*** Extracted information Section Begins ***
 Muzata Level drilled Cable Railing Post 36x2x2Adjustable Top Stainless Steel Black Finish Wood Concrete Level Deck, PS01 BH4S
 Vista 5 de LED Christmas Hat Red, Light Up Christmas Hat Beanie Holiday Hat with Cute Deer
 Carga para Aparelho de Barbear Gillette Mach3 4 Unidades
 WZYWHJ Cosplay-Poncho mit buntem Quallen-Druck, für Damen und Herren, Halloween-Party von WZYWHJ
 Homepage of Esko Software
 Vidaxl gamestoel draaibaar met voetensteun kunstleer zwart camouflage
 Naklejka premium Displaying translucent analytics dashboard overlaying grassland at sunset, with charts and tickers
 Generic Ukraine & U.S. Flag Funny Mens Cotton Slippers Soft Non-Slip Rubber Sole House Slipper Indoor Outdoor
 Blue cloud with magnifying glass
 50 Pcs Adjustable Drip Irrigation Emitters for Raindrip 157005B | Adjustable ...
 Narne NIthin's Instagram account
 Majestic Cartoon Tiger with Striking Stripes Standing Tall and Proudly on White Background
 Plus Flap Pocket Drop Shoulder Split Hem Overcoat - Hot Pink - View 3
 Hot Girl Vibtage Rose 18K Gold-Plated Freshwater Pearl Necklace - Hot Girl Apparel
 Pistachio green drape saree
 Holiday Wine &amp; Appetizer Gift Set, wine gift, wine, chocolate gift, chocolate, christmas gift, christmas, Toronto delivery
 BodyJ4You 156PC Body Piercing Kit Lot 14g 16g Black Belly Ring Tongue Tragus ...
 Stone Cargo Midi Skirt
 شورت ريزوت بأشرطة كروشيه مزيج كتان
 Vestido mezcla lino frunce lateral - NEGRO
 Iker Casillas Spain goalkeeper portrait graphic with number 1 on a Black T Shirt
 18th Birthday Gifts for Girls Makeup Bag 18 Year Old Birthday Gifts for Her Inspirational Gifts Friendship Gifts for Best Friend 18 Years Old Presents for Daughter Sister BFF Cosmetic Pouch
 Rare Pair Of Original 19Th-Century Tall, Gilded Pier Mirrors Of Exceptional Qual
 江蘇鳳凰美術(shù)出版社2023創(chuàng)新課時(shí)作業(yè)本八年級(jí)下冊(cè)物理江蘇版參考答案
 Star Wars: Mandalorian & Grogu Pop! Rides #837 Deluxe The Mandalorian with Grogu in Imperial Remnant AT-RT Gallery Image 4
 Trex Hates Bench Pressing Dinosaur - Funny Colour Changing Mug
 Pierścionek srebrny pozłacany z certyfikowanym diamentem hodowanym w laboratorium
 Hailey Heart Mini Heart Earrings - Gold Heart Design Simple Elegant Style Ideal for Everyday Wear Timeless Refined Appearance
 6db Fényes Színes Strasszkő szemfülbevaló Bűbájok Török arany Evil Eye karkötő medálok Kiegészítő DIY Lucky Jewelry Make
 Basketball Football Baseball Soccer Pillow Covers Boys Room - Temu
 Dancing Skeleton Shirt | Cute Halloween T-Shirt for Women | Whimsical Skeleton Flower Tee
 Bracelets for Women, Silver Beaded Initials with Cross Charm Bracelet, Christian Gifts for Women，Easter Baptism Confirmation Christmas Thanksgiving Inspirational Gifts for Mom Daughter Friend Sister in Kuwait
*** Extracted information Section Ends ***
» Your assignment
In the data above, which lines lie between the line with "Rare Pair Of" and the line with "Hailey Heart Mini", inclusive? Print those lines exactly and nothing else.

» Worked solution
 Rare Pair Of Original 19Th-Century Tall, Gilded Pier Mirrors Of Exceptional Qual
 江蘇鳳凰美術(shù)出版社2023創(chuàng)新課時(shí)作業(yè)本八年級(jí)下冊(cè)物理江蘇版參考答案
 Star Wars: Mandalorian & Grogu Pop! Rides #837 Deluxe The Mandalorian with Grogu in Imperial Remnant AT-RT Gallery Image 4
 Trex Hates Bench Pressing Dinosaur - Funny Colour Changing Mug
 Pierścionek srebrny pozłacany z certyfikowanym diamentem hodowanym w laboratorium
 Hailey Heart Mini Heart Earrings - Gold Heart Design Simple Elegant Style Ideal for Everyday Wear Timeless Refined Appearance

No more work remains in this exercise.